During the time that Catherine was explaining matters to the cardinal, Queen Mary whispered a few words to the grand-master.

“What is all this about?” asked the young king, who was left alone in the midst of the violent clash of interests.

“The proofs of what I was telling to your Majesty have not been long in reaching us,” said the cardinal, who had grasped the papers.

The Duc de Guise drew his brother aside without caring that he interrupted him, and said in his ear, “This makes me lieutenant-general without opposition.”

A shrewd glance was the cardinal’s only answer; showing his brother that he fully understood the advantages to be gained from Catherine’s false position.

“Who sent you here?” said the duke to Christophe.

“Chaudieu, the minister,” he replied.

“Young man, you lie!” said the soldier, sharply; “it was the Prince de Conde.”

“The Prince de Conde, monseigneur!” replied Christophe, with a puzzled look. “I never met him. I am studying law with Monsieur de Thou; I am his secretary, and he does not know that I belong to the Reformed religion. I yielded only to the entreaties of the minister.”

“Enough!” exclaimed the cardinal. “Call Monsieur de Robertet,” he said to Lewiston, “for this young scamp is slyer than an old statesman; he has managed to deceive my brother, and me too; an hour ago I would have given him the sacrament without confession.”

“You are not a child, morbleu!” cried the duke, “and we’ll treat you as a man.”

“The heretics have attempted to beguile your august mother,” said the cardinal, addressing the king, and trying to draw him apart to win him over to their ends.

“Alas!” said the queen-mother to her son, assuming a reproachful look and stopping the king at the moment when the cardinal was leading him into the oratory to subject him to his dangerous eloquence, “you see the result of the situation in which I am; they think me irritated by the little influence that I have in public affairs,—I, the mother of four princes of the house of Valois!”

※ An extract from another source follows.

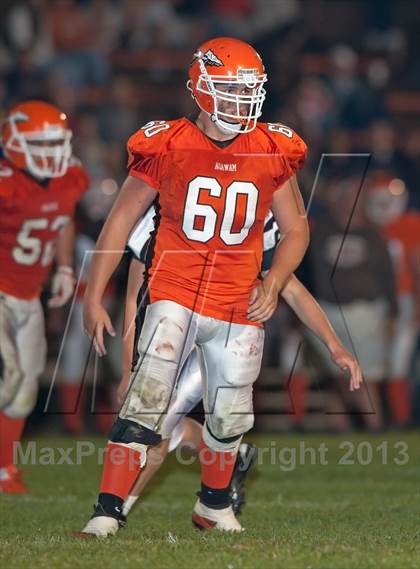 Thumbnail 2 in Longmeadow @ Agawam photogallery.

The young king listened attentively. Mary Stuart, seeing the frown upon his brow, took his arm and led him away into the recess of the window, where she cajoled him with sweet speeches in a low voice, no doubt like those she had used that morning in their chamber. The two Guises read the documents given up to them by Catherine. Finding that they contained information which their spies, and Monsieur Braguelonne, the lieutenant of the Chatelet, had not obtained, they were inclined to believe in the sincerity of Catherine de’ Medici. Robertet came and received certain secret orders relative to Christophe. The youthful instrument of the leaders of the Reformation was then led away by four soldiers of the Scottish guard, who took him down the stairs and delivered him to Monsieur de Montresor, provost of the chateau. That terrible personage himself, accompanied by six of his men, conducted Christophe to the prison in the vaulted cellar of the tower, now in ruins, which the concierge of the chateau de Blois shows you with the information that these were the dungeons.

After such an event the Council could be only a formality. The king, the young queen, the Grand-master, and the cardinal returned to it, taking with them the vanquished Catherine, who said no word except to approve the measures proposed by the Guises. In spite of a slight opposition from the Chancelier Olivier (the only person present who said one word that expressed the independence to which his office bound him), the Duc de Guise was appointed lieutenant-general of the kingdom. Robertet brought the required documents, showing a devotion which might be called collusion. The king, giving his arm to his mother, recrossed the salle des gardes, announcing to the court as he passed along that on the following day he should leave Blois for the chateau of Amboise. The latter residence had been abandoned since the time when Charles VIII. accidentally killed himself by striking his head against the casing of a door on which he had ordered carvings, supposing that he could enter without stooping below the scaffolding. Catherine, to mask the plans of the Guises, remarked aloud that they intended to complete the chateau of Amboise for the Crown at the same time that her own chateau of Chemonceaux was finished. But no one was the dupe of that pretext, and all present awaited great events.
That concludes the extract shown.